The Scottish Government has rejected claims by Theresa May’s deputy that the UK Government has ended fears of a Westminster “power grab” after Brexit.
Talks between the UK and devolved administrations yesterday resulted in a commitment to respect the devolution settlement when agreeing how to assign new responsibilities returning from Brussels, but failed to lift the threat of a constitutional crisis over Brexit legislation.
The Scottish and Welsh governments have raised serious concerns over the EU (Withdrawal) Bill, which will see EU responsibilities in areas which would normally fall to devolved governments initially transferred to Westminster.
First Secretary of State Damian Green claimed progress meant “talk of a power grab is now behind us”. However, Scottish Brexit minister Michael Russell said: “We remain unable to recommend the Scottish Parliament consent to the EU Withdrawal Bill as currently drafted and will not be able to do so until the power grab is removed from the bill.
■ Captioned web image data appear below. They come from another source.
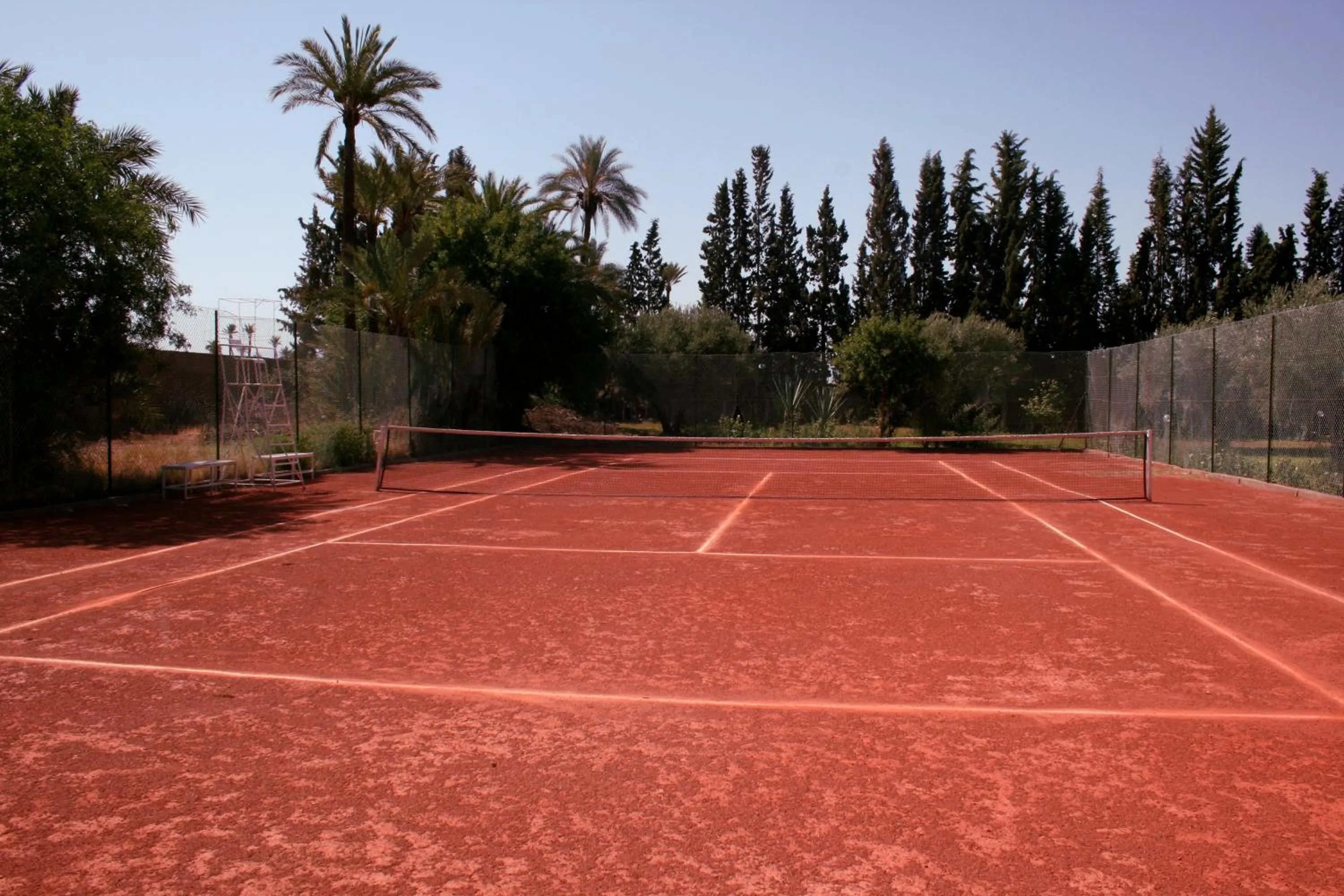 Tennis court in Villa Des 3 Golfs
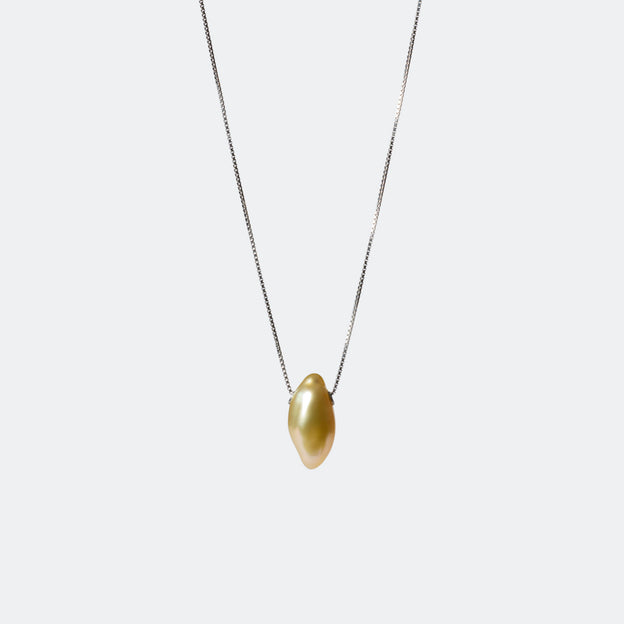 Pearl Tunnel Necklace - Golden South Sea Keshi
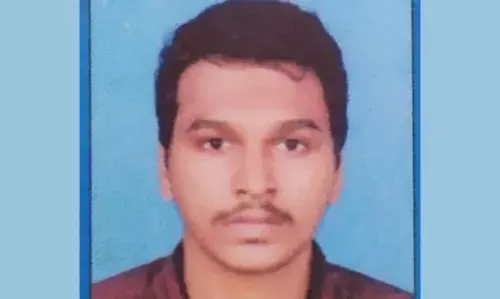 മൂന്ന് പേരുമായി സഞ്ചരിച്ച മോട്ടോര് സൈക്കിള് ഡിവൈഡറില് ഇടിച്ച് രണ്ട് പേര് മരിച്ചു, ഒരാള്ക്ക് ഗുരുതരം മൂന്ന് പേരുമായി സഞ്ചരിച്ച മോട്ടോര് സൈക്കിള് ഡിവൈഡറില് ഇടിച്ച് രണ്ട് പേര് മരിച്ചു, ഒരാള്ക്ക് ഗുരുതരം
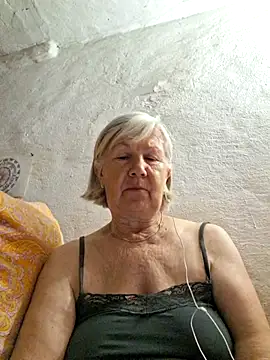 Snapshot of KlaudiaDarling chatting on 7, 6, 2026 KlaudiaDarling online show from 7, 6, 2026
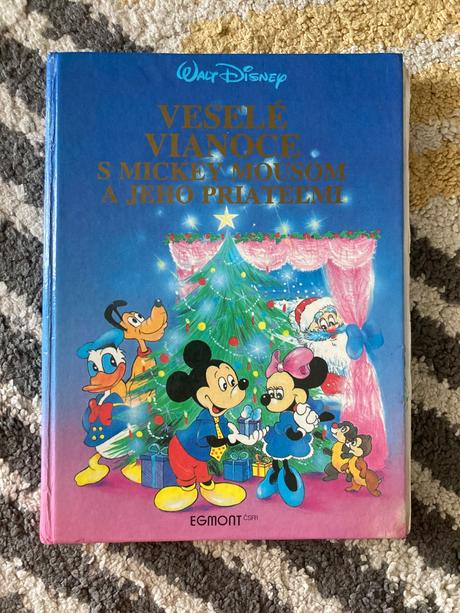Veselé vianoce s mickey mousom a jeho priateľmi,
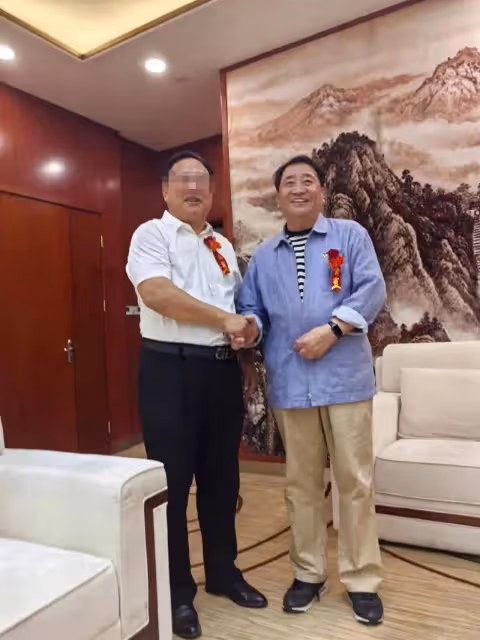 姜昆現身參加公益活動,74歲依舊精神奕奕,出版新書引網友關注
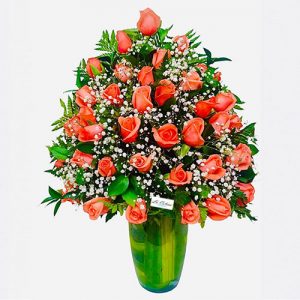 Arreglo floral con 36 rosas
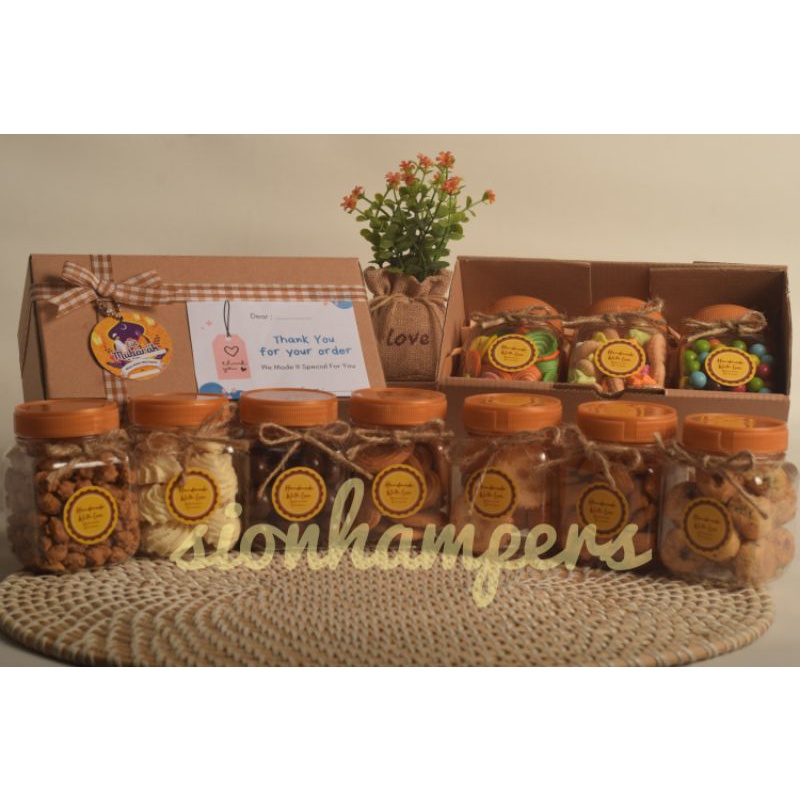 

Box hampers/kardus isi 3 jar(3toples)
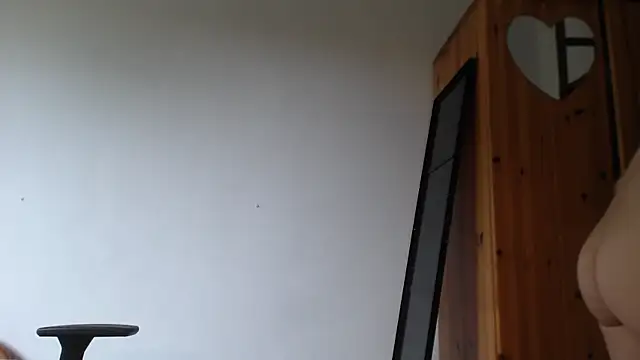 Lisakisss online show from May 9, 2026, 6:17 am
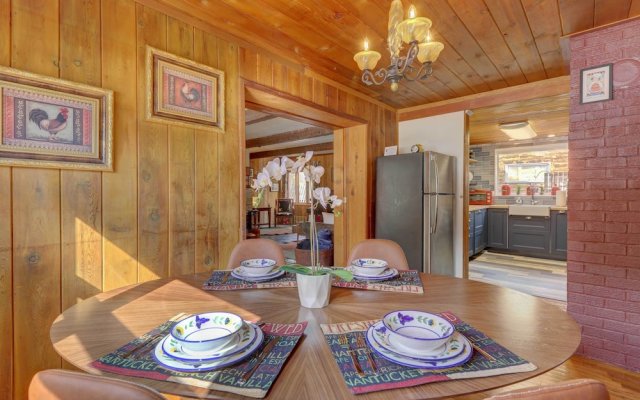 Lake Cabin w/ King Bed, Foodie Kitchen, & Views
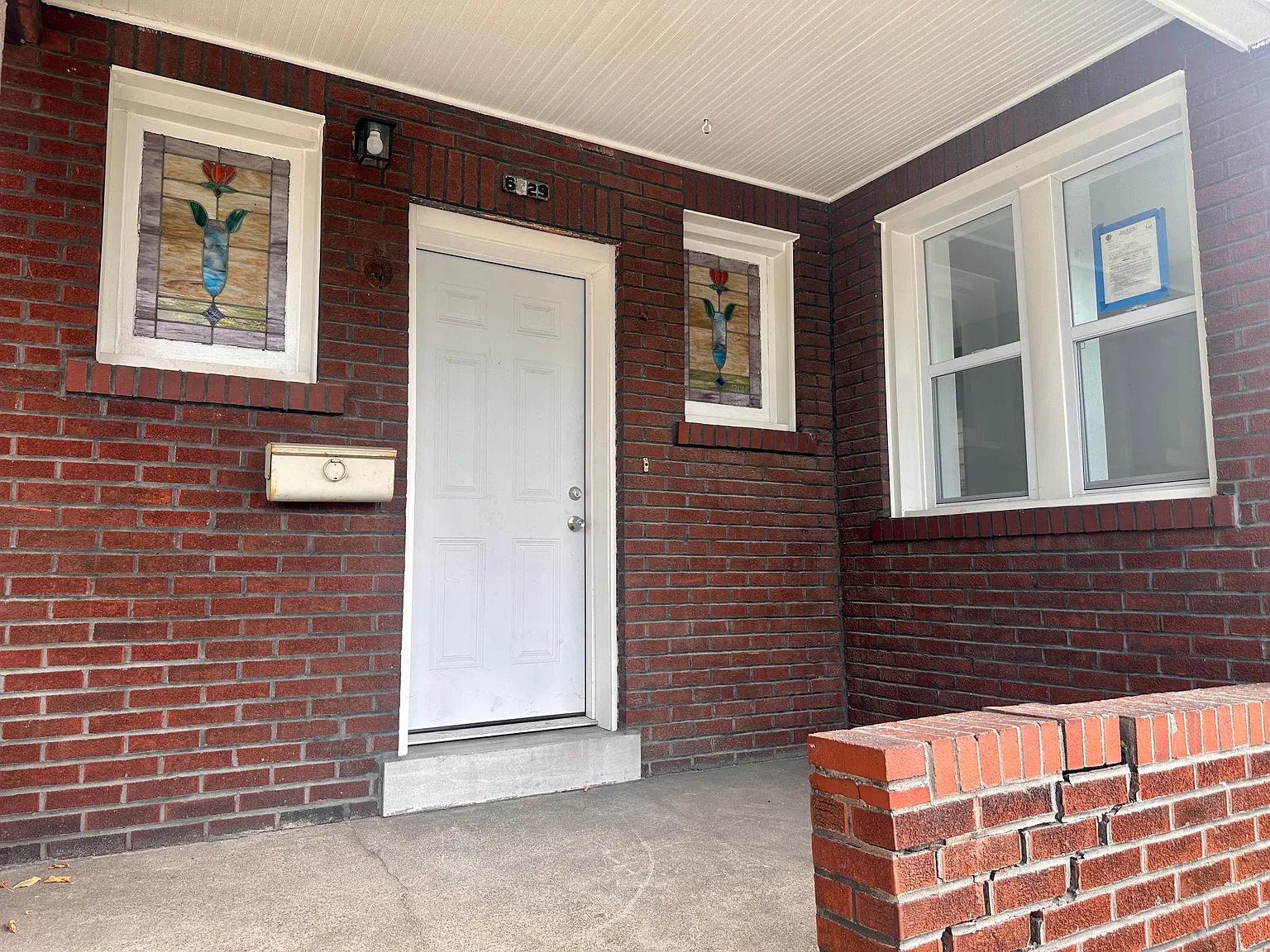 3 bed, 2098 sqft, $2,695 — Photo 3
“I have and will continue to press for the amendments suggested by ourselves and the Welsh Government to be accepted, removing the power grab and providing a clear solution that respects devolution.”
The UK Government has said it is necessary to bring powers back to Westminster before devolving them in order to develop common frameworks and prevent trade barriers being created within the UK.
Mr Green described the meeting as “very constructive” and “successful”.